An historical – comparative overview on the new charges in the albanian criminal procedural legislation

Dr. Kosta GAZELI

         If we are to talk about the Albanian criminal procedural legislation we should go back to the period after World War 2 and the liberation of the country since we have not had a criminal procedure code previous to that time. Even during the monarchy, although a general legislative reform was implemented, adjusting the Albanian legislation to the one of advanced European countries, it was not possible to adopt an independent Code of Criminal Procedure, as many other codes were drafted. During the period from the liberation of the country, until 1953, as well as earlier, criminal proceedings have been carried out based on specific organic laws and those of specific procedural character.

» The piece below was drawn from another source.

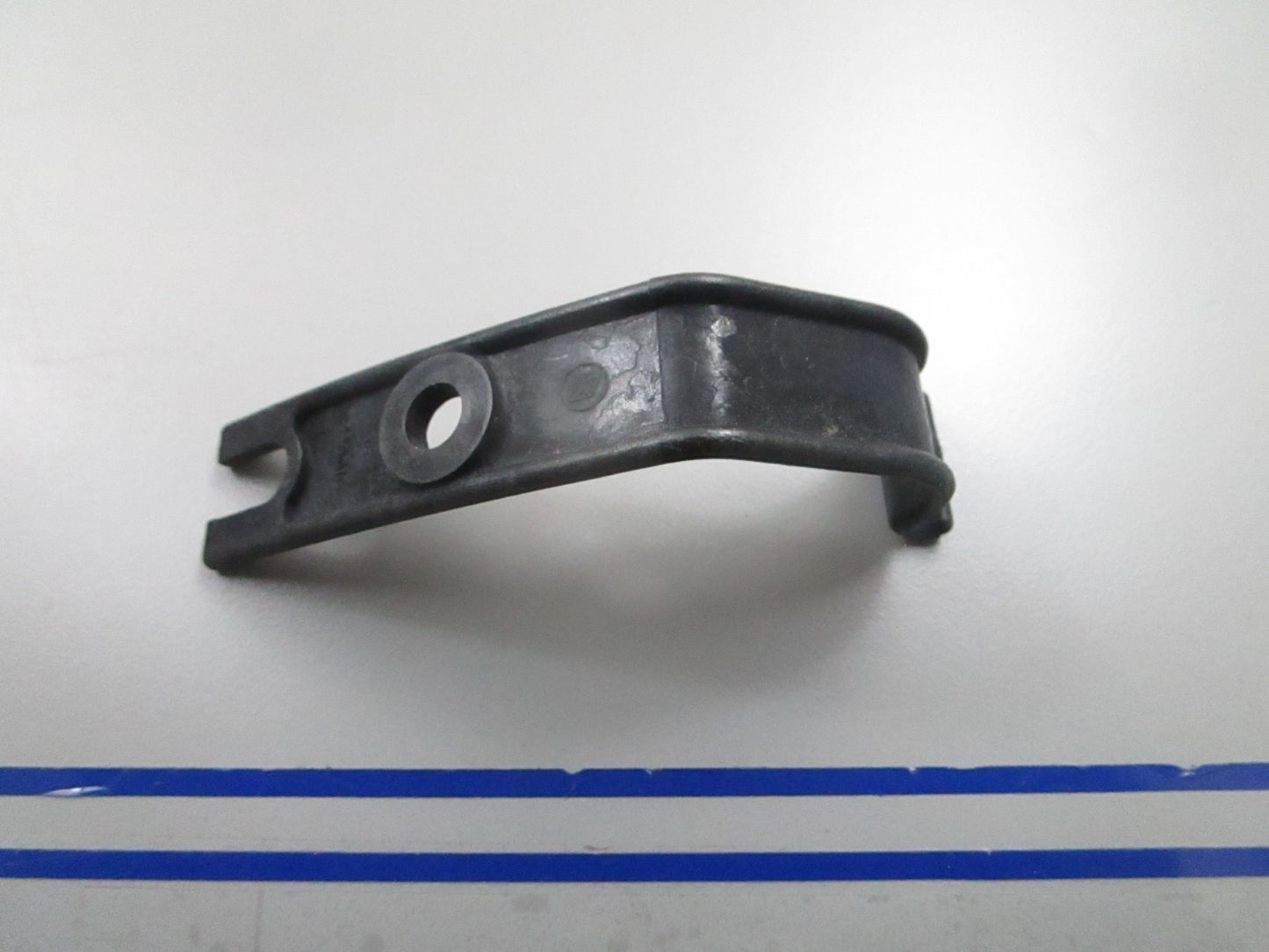 *NEW OEM* 0810 OMC Johnson Evinrude Fuel Line Retainer 329610 0329610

         Despite the political system that existed, the first Albanian Code of Criminal Procedure is the one of year 1953. Under such circumstances, the historicalcomparative overview of the procedural institute of new charges, according to the Albanian criminal procedural legislation, relies precisely on the Criminal Procedure Codes that have been implemented in the Republic of Albania, and have been drafted or have entered into force in years 1953, 1979, and 1995 respectively.
         In the three of these codes, the procedural institute of new charges has been contemplated and applied in the initial investigation phase as well as in the trial.
It is precisely this fact that constitutes one of common characteristics of these three codes.
         But regardless of the similitude mentioned between them, these codes, as well as the institute of new charges contemplated by them, in essence, differ greatly between them, especially the Criminal Procedure Code of 1995, which is now in force in our country, with two other previous codes, which were basically similar, but differed in the circumstances and the time they were drafted and entered into force. The main difference of the Code of Criminal Procedure of 1995, which is currently in force in our country, compared with the two previous codes, lies in its deep democratic character. This Code contains important democratic principles and norms of criminal procedure applied in all democratic countries, especially in the most advanced countries of Western Europe and the United States. Its primary sources are the Constitution, the international Conventions and Charters, particularly the Convention on ‘Fundamental Human Rights and Freedoms’.
         Although the new charges during criminal proceedings are contemplated by the three criminal procedural codes, their application in the investigation stage and during the trial differs among other things, because of essential differences that exist between the political and social systems, procedural systems and corresponding models selected and contemplated by these codes. In the first two there was the inquisition system whereas in the Criminal Procedure Code in force prevails the accusatory system. Consequently, the sanctioning and implementing of the institute of new charges during the criminal proceedings contemplated by these codes is different, depending on the functions, duties and rights of criminal prosecution bodies, notably the prosecution office and the court, stemming from the relevant procedural systems and the changing of
political systems.
         What is characteristic is that during the investigation phase, the change of prosecution, as in the case when new charges arise after the communication of the decision to take a person as the defendant and also the case when the charge communicated by this decision changes according to a new legal qualification that can be more severe or less severe, in compliance with the three codes of criminal procedure, had been performed by the prosecution body or of the prosecutor.
         While in the trial stage, the announcement of a new charge or the changing of the defendant’s charge according to the Criminal Procedure
Codes 1953 and 1979, was to be made by the court, which was also considered as a body of criminal prosecution, whereas according to the Code of Criminal Procedure of 1995, which is in force in our country, that should be made by the prosecutor even during the preliminary investigations.
With respect to the court it has the right to change the legal qualification of the offense for which the defendant is charged only on the final decision.